Emad Siddiq

University of California Berkeley 

emadsiddiq@berkeley.edu 

Undergraduate Research Apprentice Program

# <center>Trademark Dataset Analysis</center>

### Notes:
• Analysis on the USPTO dataset obtained from the [USPTO website](https://www.uspto.gov/learning-and-resources/electronic-data-products/trademark-case-files-dataset-0).

• SEC dataset obtained from Haas School of Business through Dr. Su Li. File can be found in the DropBox.

• TF-IDF methodology referenced from [this link](https://bergvca.github.io/2017/10/14/super-fast-string-matching.html) 
and adapted to match the USPTO dataset with the help of [this StackOverFlow post](https://stackoverflow.com/questions/53827339/string-matching-using-tf-idf-ngrams-and-cosine-similarity-in-python)

### Methodology:

1) Download owner, case_file and prior_mark files from USPTO website.

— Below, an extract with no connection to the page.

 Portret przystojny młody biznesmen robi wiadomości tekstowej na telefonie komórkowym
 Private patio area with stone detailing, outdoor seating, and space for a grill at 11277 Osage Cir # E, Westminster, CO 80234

2) Merge owner, relevant columns from case_file, and prior_mark documents on their serial number column.

3) Calculate prior_marks by serial number and add totaal_prior_marks as a new column to the USPTO dataset.

4) Use string matching algorithm (TFIDF) to find companies from the SEC List that are a part of the USPTO dataset



## Part 1: Downloading data

In [1]:
import pandas as pd

In [2]:
owner = pd.read_csv('owner.csv')
case_file = pd.read_csv('case_file.csv')
prior_mark = pd.read_csv('prior_mark.csv')

  interactivity=interactivity, compiler=compiler, result=result)
  interactivity=interactivity, compiler=compiler, result=result)


In [3]:
#choose relevant columns from owner file
owner = owner[['own_addr_1', 'own_addr_city', 'own_entity_cd', 'own_name', 'own_type_cd', 'own_addr_postal', 'serial_no']]

In [4]:
#choose relevant columns from case_file
case_file = case_file[['serial_no', 'abandon_dt', 'amend_reg_dt','reg_cancel_cd', 'reg_cancel_dt','file_location', 'filing_dt','registration_dt', 'renewal_dt' ]]

In [5]:
#group prior_mark by serial number to get the number of prior_marks for each serial_number
prior_mark = prior_mark.groupby('serial_no').count().reset_index()

In [6]:
prior_mark.columns

Index(['serial_no', 'prior_no', 'prior_type_cd', 'rec_error'], dtype='object')

In [7]:
#drop unnecessary columns and rename columns for readibility
prior_mark = prior_mark.drop(columns = ['rec_error','prior_type_cd'])
prior_mark = prior_mark.rename(columns = {'prior_no': 'prior_marks'})

In [8]:
#merge owner and casefile
merged = owner.merge(case_file, on = ['serial_no', 'serial_no'])

In [9]:
#merge prior_mark, owner and case_file
merged = merged.merge(prior_mark, on = ['serial_no', 'serial_no'])

In [10]:
#rename to trademark because merged is an awkward name to have
trademark = merged

In [11]:
#export to a csv file
trademark.to_csv('USPTO_clean_data_1870_to_2019.csv')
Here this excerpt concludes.